Selecting impacting variables
Prophet does not examine whether the relationships it finds make sense from a business point of view. It could build a model using a highly correlating inflation indicator from a completely irrelevant industry. Predikt automatically selects a handful of highly relevant indicators from a database of millions of searchable indicators. This allows Predikt to build a model with variables that have a logical predictive relationship with the specified KPI to be predicted. For instance, external indicators specifically related to farming should be added instead of highly correlating illogical indicators. To build robust and trustworthy models it is imperative to connect variables that correlate as well as causate, as is stated in this previously written article.
Searching external indicators
Predikt allows its users to search through its extensive indicator database of more than one million external indicators. All indicators come in a standardized and explainable format ensuring the correctness and interpretability of the data. This eliminates several weeks of upfront work that was previously required by our clients before using Predikt. Users maintain the flexibility to supply custom drivers that they already possess to the model.

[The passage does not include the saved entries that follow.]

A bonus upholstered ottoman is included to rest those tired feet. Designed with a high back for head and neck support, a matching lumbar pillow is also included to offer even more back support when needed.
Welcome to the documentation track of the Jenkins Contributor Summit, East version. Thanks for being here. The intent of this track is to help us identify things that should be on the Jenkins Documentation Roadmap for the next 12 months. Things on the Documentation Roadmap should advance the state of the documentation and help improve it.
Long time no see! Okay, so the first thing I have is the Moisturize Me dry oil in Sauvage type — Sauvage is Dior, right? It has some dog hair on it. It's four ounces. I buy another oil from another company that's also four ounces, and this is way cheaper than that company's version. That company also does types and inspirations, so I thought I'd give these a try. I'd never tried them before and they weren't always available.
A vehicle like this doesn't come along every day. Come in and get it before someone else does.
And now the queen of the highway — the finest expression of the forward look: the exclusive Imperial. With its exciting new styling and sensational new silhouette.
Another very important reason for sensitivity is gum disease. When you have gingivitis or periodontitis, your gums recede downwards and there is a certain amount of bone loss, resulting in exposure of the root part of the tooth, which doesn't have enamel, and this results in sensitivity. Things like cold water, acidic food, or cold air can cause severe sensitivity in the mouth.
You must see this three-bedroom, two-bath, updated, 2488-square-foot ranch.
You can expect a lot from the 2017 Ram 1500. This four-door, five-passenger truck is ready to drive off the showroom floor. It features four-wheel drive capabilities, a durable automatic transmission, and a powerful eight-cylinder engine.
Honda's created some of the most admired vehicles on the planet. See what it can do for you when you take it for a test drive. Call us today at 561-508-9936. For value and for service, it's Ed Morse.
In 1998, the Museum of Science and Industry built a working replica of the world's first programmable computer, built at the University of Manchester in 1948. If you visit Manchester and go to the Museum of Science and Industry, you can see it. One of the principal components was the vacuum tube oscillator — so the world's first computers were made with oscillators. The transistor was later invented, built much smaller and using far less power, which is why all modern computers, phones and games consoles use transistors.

Automated lead-time analysis
As seen in the running example, many business problems are influenced by leading economic indicators. If inflation rises, a certain amount of months later the wages and salaries of employees tend to also rise. Predikt natively incorporates automated lead-time analysis. It does this by utilizing causally relevant lead times to find the optimal lead times for the external indicators. In Prophet, users would need to manually shift each time series for the desired range of possible lag times, increasing the manual effort significantly.
Model bias
Prophet’s model is represented by a weighted sum, while Predikt’s model can be any formula. As shown using the running example, many real-world phenomena cannot be represented by only using a weighted sum, but need also to include multiplicative relationships. Learning models with limited complexity, like Prophet, will result in underperforming models. This can be omitted by allowing complex formulas to be learned. However, this significantly increases the risk of finding spurious correlations as there is limited data available to train on and many external variables to choose from. This will produce meaningless models containing logically invalid predictive relationships. By using causally selected variables in a certain business context, it is possible to create meaningful models that incorporate the required complexity to capture valuable data-driven and logical insights from business data.
Conclusion
While open-source models like Prophet solutions are valuable tools for quick tests and simple scenarios, they fall short in complex environments requiring nuanced, data-driven insights. Predikt’s core twin model offers a robust alternative, with automatic variable selection, comprehensive indicator access, automated lead-time analysis, advanced model complexity, and intelligent time series routing. By leveraging Predikt, businesses can achieve more accurate, reliable, and actionable predictions, empowering them to make better-informed decisions in today’s challenging business landscape.